Obama has consistently maintained that what I in my writings have called "progressive" values are fundamental American values. From his perspective, he is not a progressive, he is just an American. That is a crucial intellectual move.

Those empathy-based moral values are the opposite of the conservative focus on individual responsibility without social responsibility. They make it intolerable to tolerate a president who is the Decider -- who gets to decide without caring about or listening to anybody. Empathy-based values are opposed to the pure self-interest of a laissez-faire "free market," which assumes that greed is good and that seeking self-interest will magically maximize everyone's interests. They oppose a purely self-interested view of America in foreign policy. Obama's foreign policy is empathy-based, concerned with people as well as states -- with poverty, education, disease, water, the rights of women and children, ethnic cleansing, and so on around the world.

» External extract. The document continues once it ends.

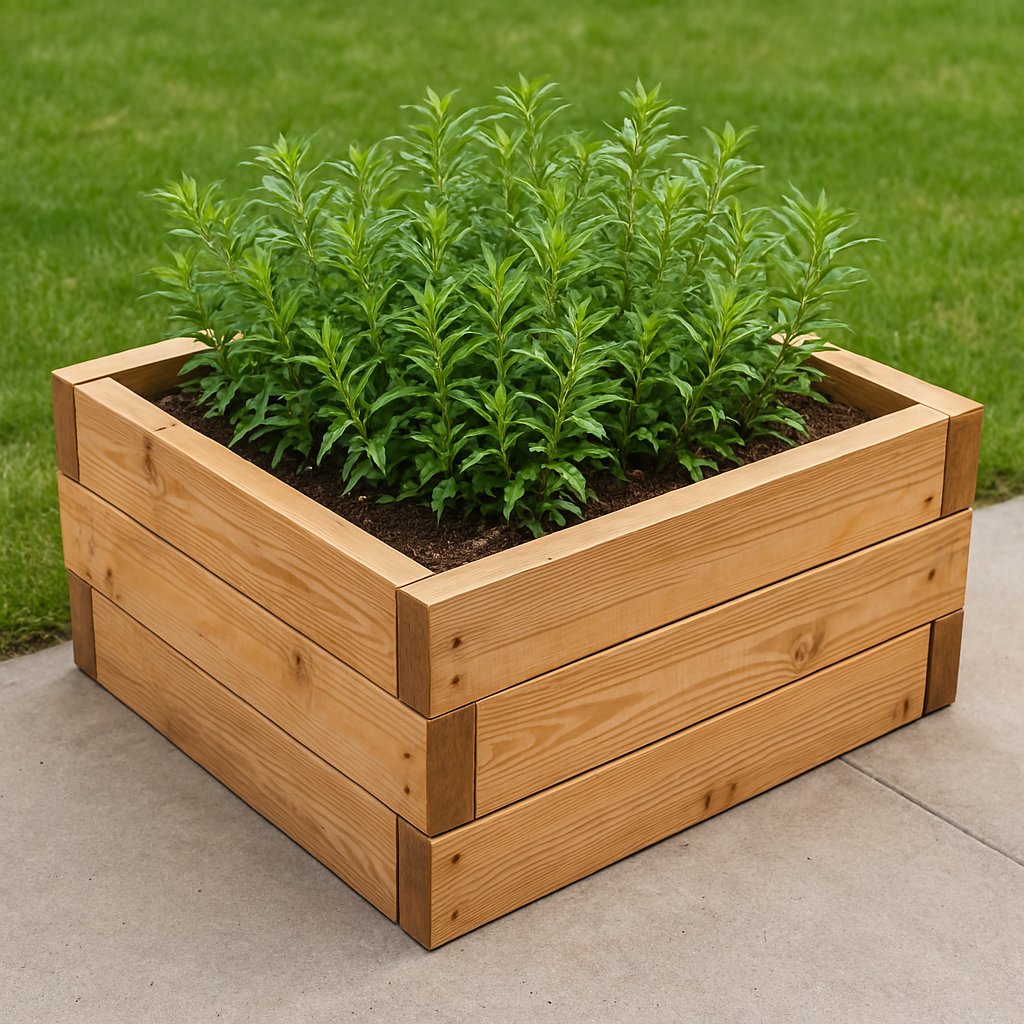 Koka puķu kastes nav tik ilgspējīgas kā Corten metāla puķu kastes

How are such values expressed? Take a look at the inaugural speech:

  • Empathy: "The kindness to take in a stranger when the levees break, the selflessness of workers who would rather cut their hours than see a friend lose their job, the firefighter's courage to storm a stairway filled with smoke, but also a parent's willingness to nurture a child."
  • Responsibility to ourselves and others: "We have duties to ourselves, the nation and the world."
  • The ethic of excellence: "There is nothing so satisfying to the spirit, so defining of character, than giving our all to a difficult task."
  • They define our democracy: "This is the meaning of our liberty and our creed."
  • The same values apply to foreign policy: "To the people of poor nations, we pledge to work alongside you to make your farms flourish and make clean waters flow; to nourish starved bodies and feed hungry minds."
  • And to religion as well: By quoting language like "our brother's keeper," he is communicating that mere individual responsibility will not get you into heaven, that social responsibility and making the world better is required.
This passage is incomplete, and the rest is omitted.